Would you please set down, word for word, the lines from the one with "Bath - 3635" through the final line of the data below, omitting any pictures?
#### Material to process
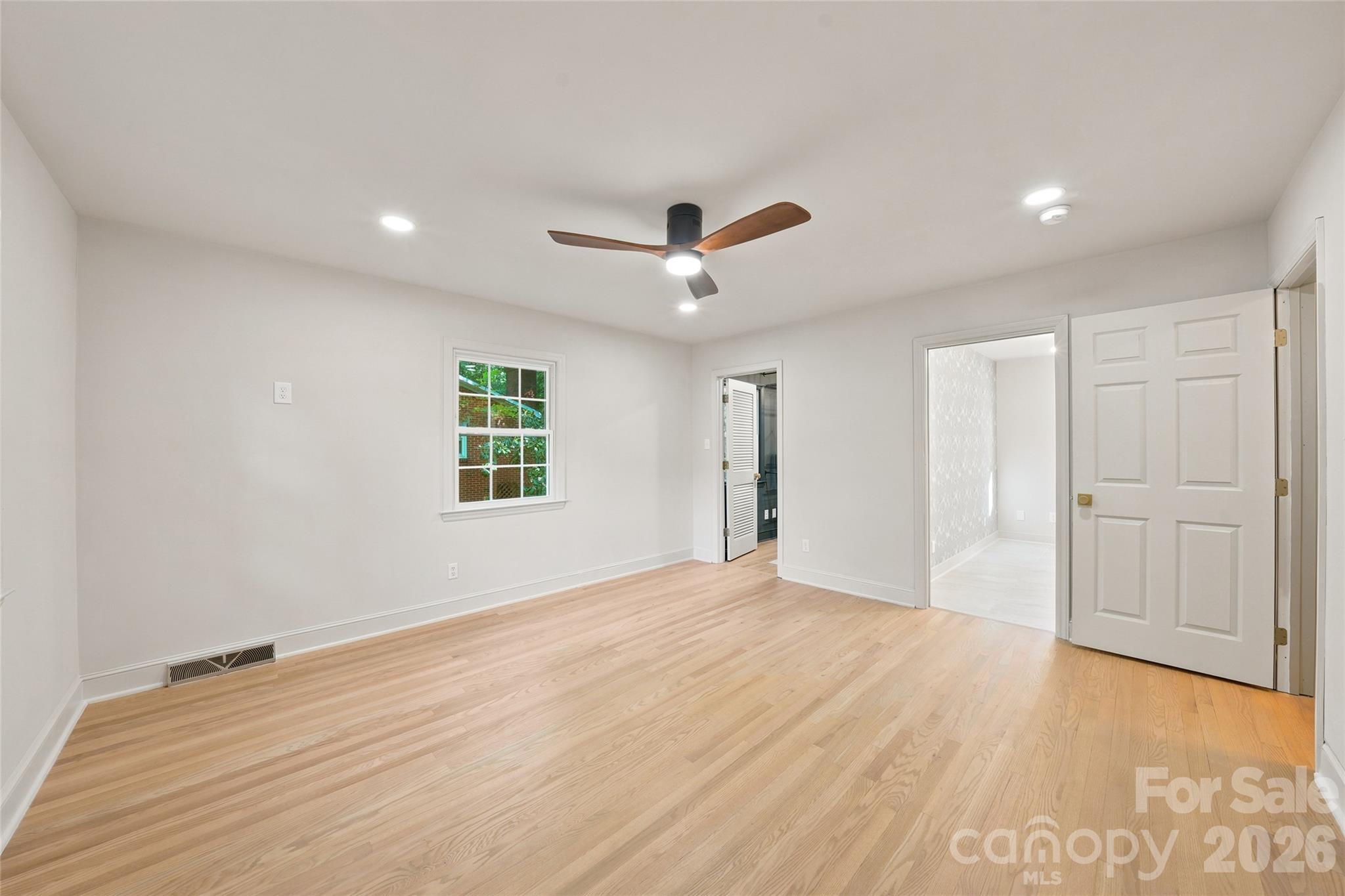 7527 Gayle Avenue Property Photo 17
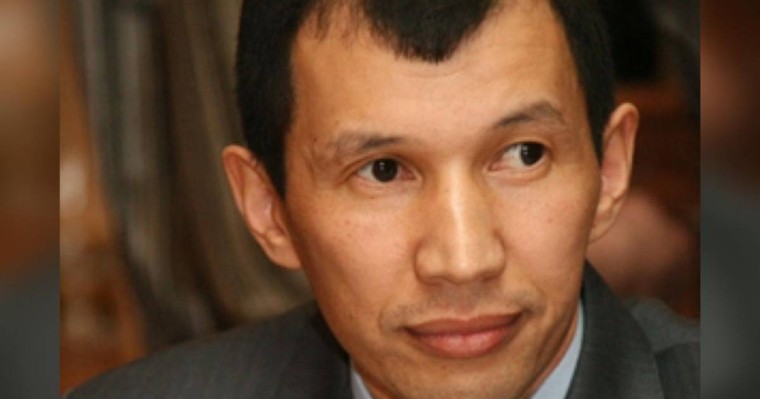 "Қорқытып, шығармай тастады": Белгілі журналист Серік Абас-шах қайда?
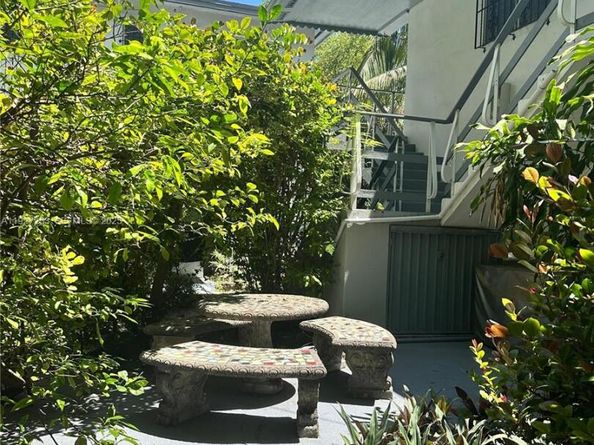 364 SW 11th St, Miami FL 33130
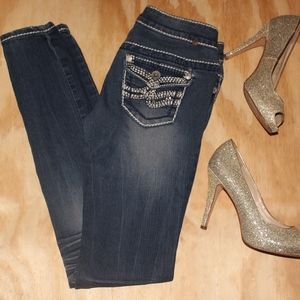 👑Host pick!👖Best in Jeans! Almost Famous Brand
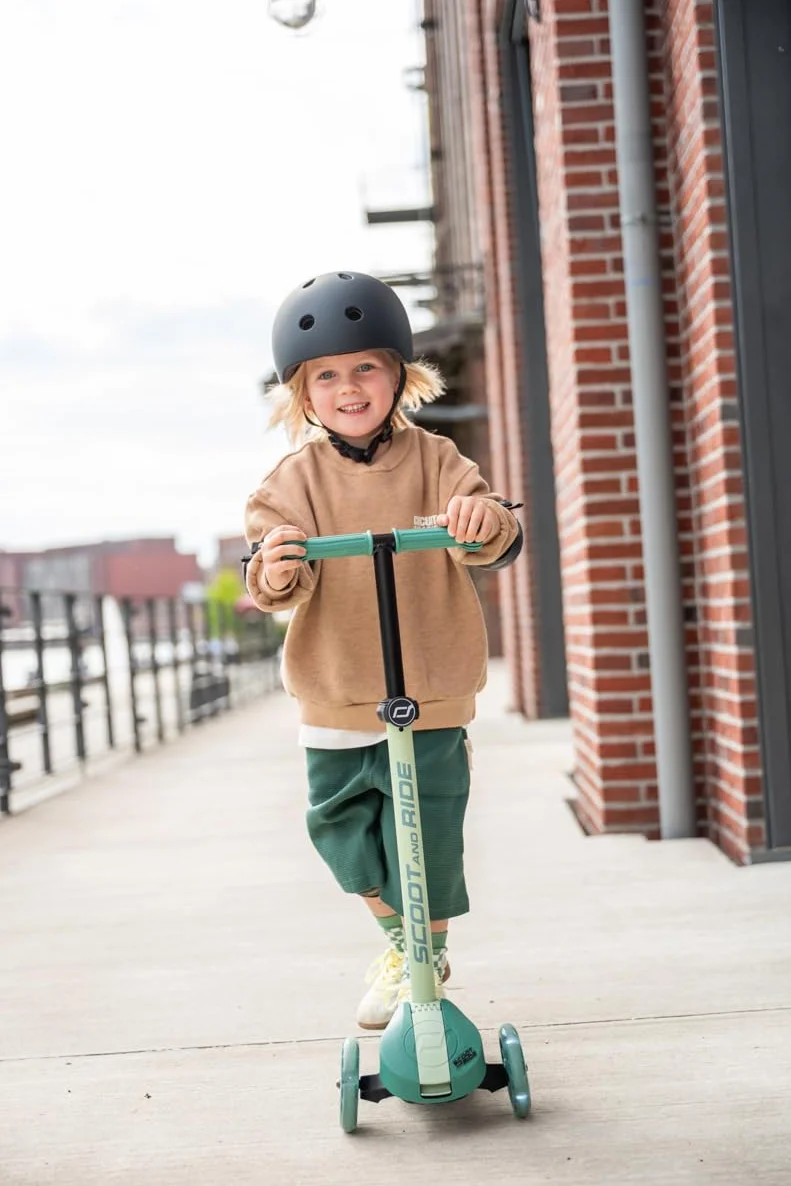 Scoot & Ride Highwaykick 3S Monopattino per bambini regolabile in altezza pieghevole sterzo a LED 96-130 cm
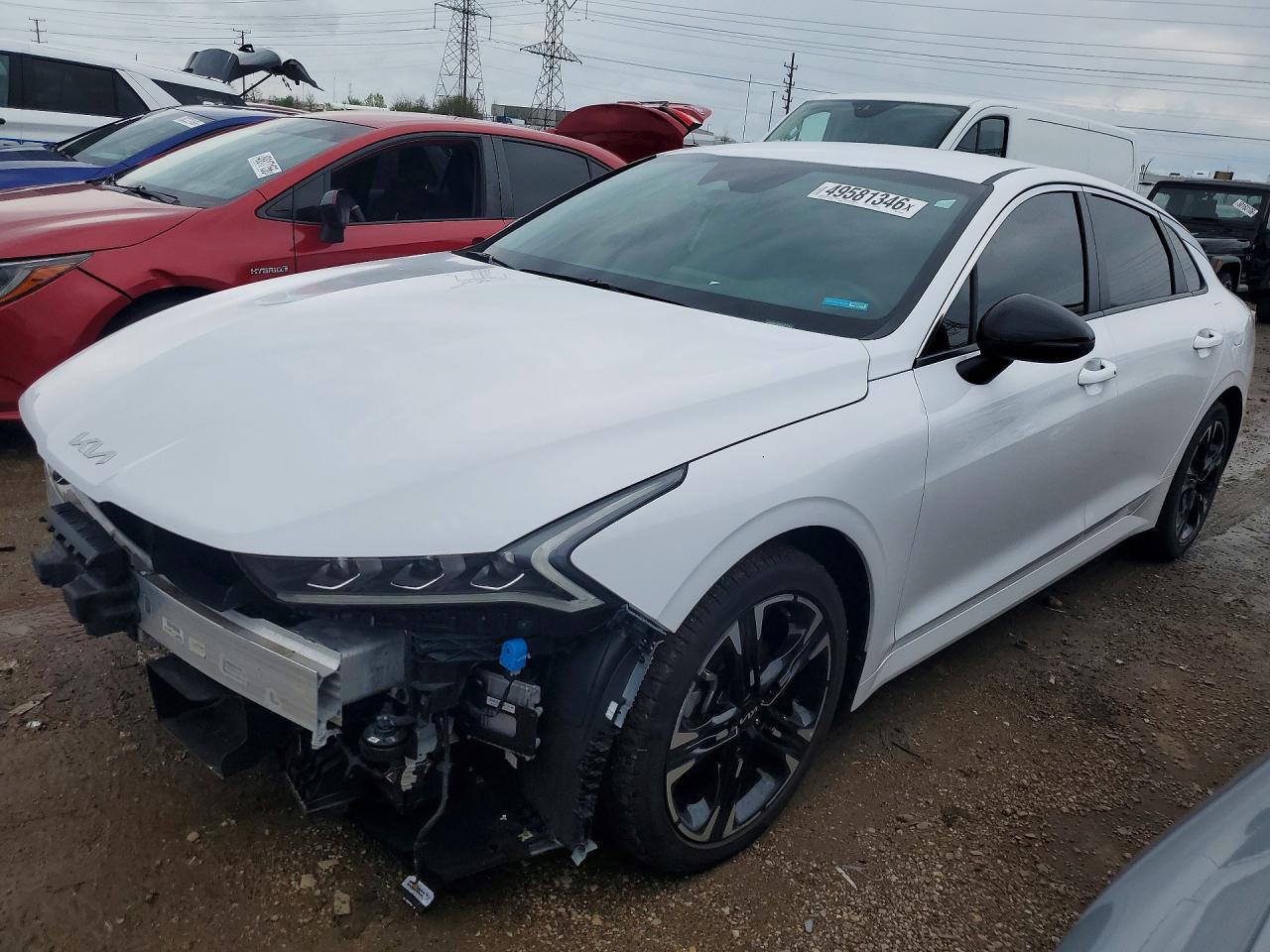 Salvage Kia K5 Image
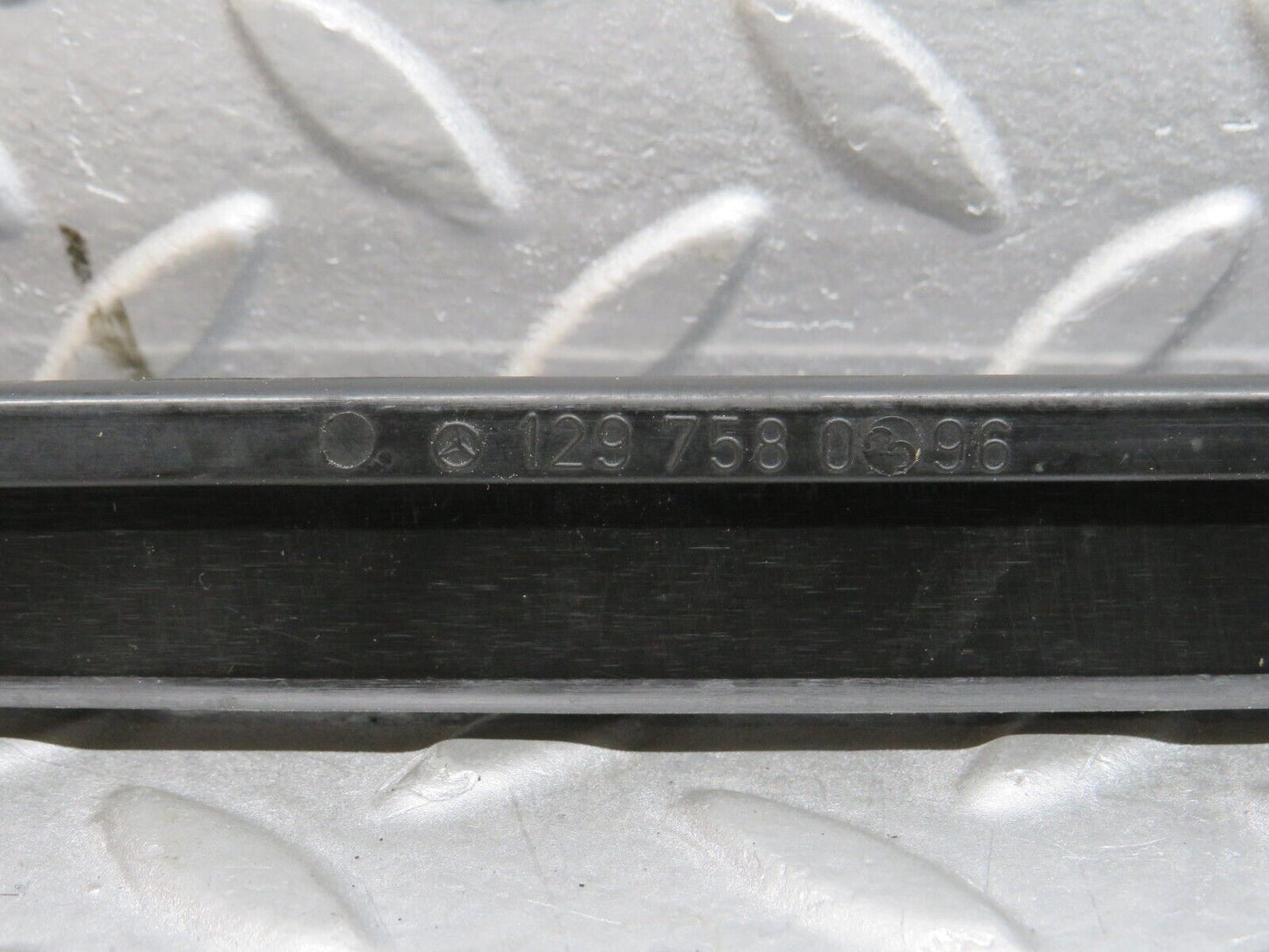 39658 Mercedes-Benz R129 320SL Coupe Trunk Lid Handle Trim 1297580396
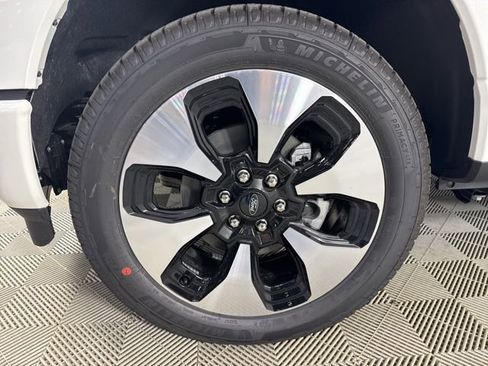 New 2025 Ford F150 Lightning Platinum image 29
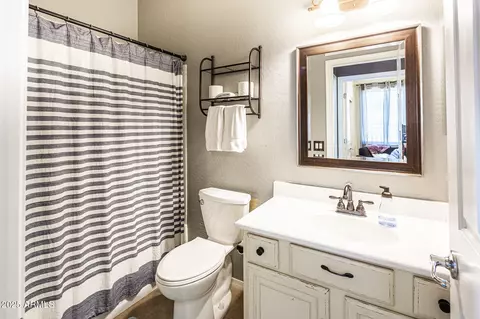 Bath - 3635 E Janelle Way, Gilbert, AZ 85298 photo 3 of 3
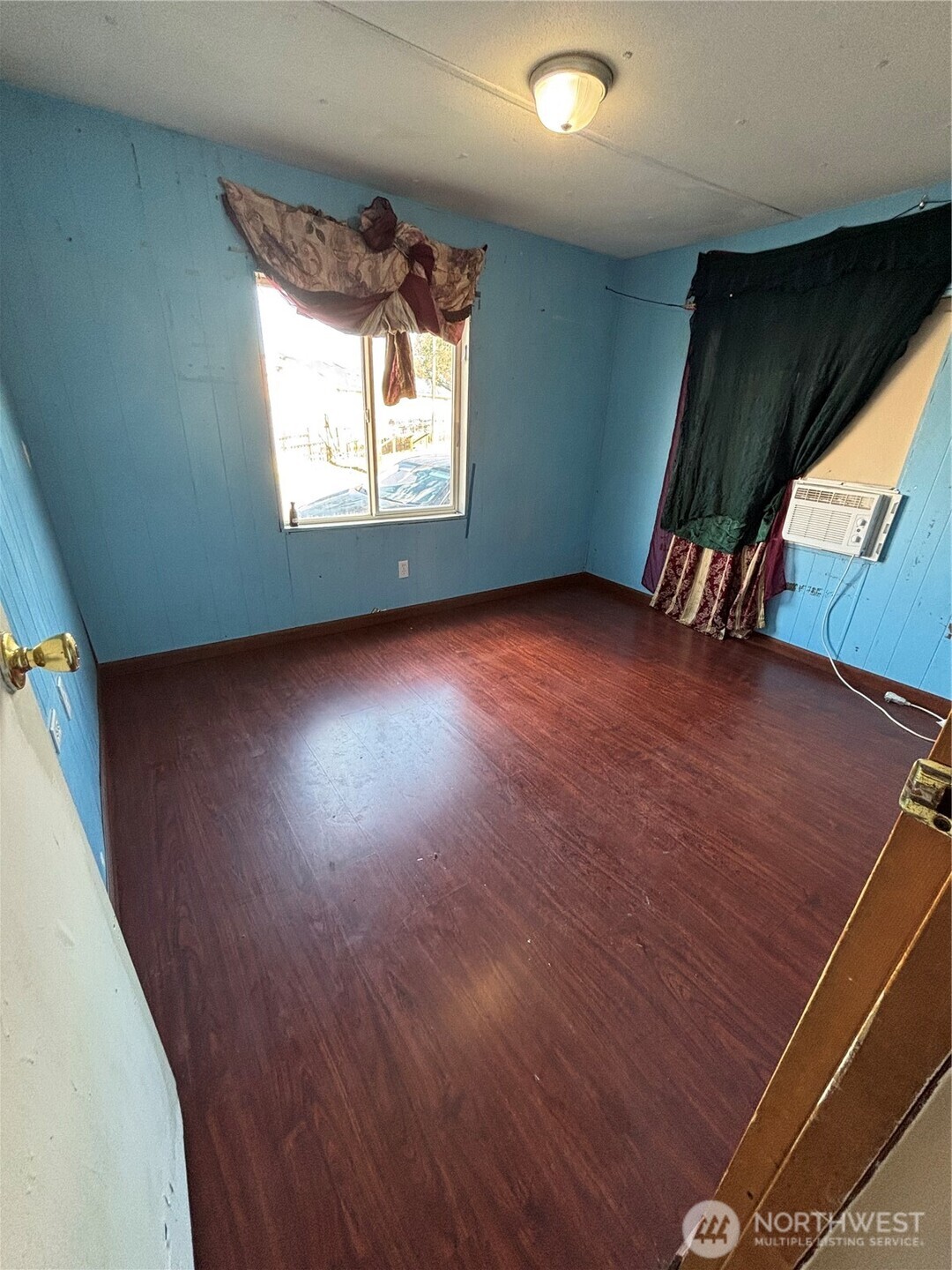 2022 W Broadway Avenue 1c Property Photo 13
########
■ Response
 Bath - 3635 E Janelle Way, Gilbert, AZ 85298 photo 3 of 3
 2022 W Broadway Avenue 1c Property Photo 13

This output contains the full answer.